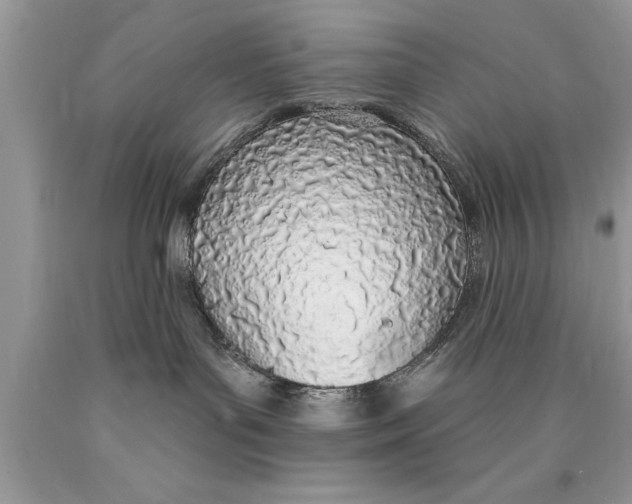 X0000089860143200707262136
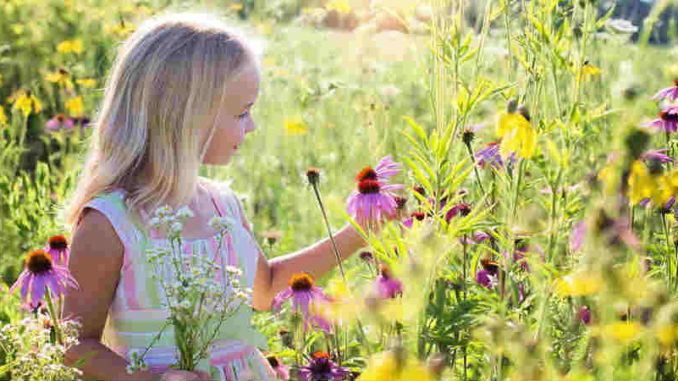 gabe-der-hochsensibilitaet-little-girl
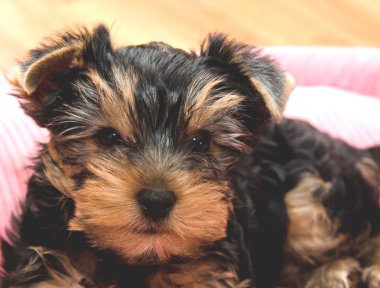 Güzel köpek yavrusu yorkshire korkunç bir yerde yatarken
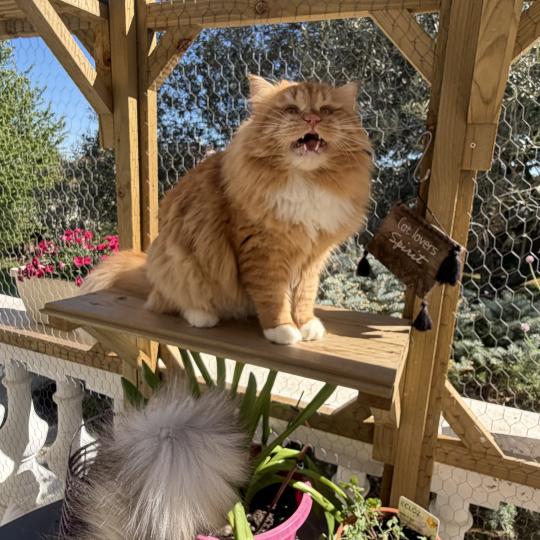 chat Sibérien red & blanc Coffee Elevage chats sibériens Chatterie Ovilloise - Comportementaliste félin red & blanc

--

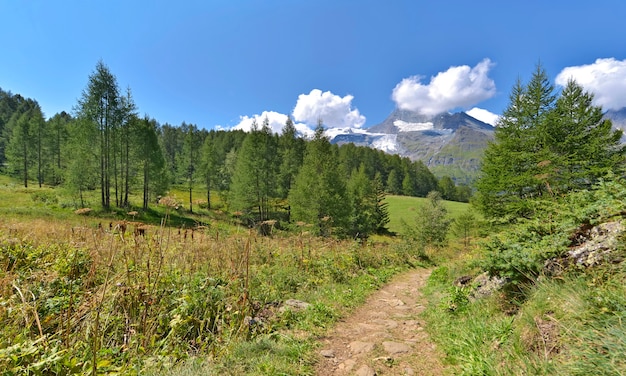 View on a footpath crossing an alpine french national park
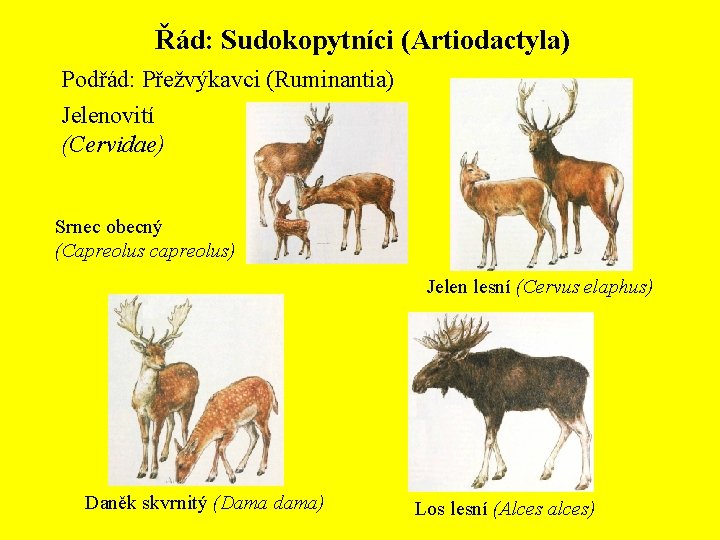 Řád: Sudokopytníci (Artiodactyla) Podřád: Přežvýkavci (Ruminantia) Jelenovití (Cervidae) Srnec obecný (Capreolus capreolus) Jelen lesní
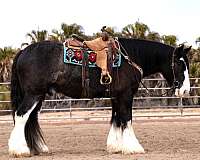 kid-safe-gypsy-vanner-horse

--

# What the task asks
Return the stretch of data that begins with the line showing "X0000089860143200707262136" and goes on through the line showing "chat Sibérien red", exactly, with pictures removed.

# Completed exercise
 X0000089860143200707262136
 gabe-der-hochsensibilitaet-little-girl
 Güzel köpek yavrusu yorkshire korkunç bir yerde yatarken
 chat Sibérien red & blanc Coffee Elevage chats sibériens Chatterie Ovilloise - Comportementaliste félin red & blanc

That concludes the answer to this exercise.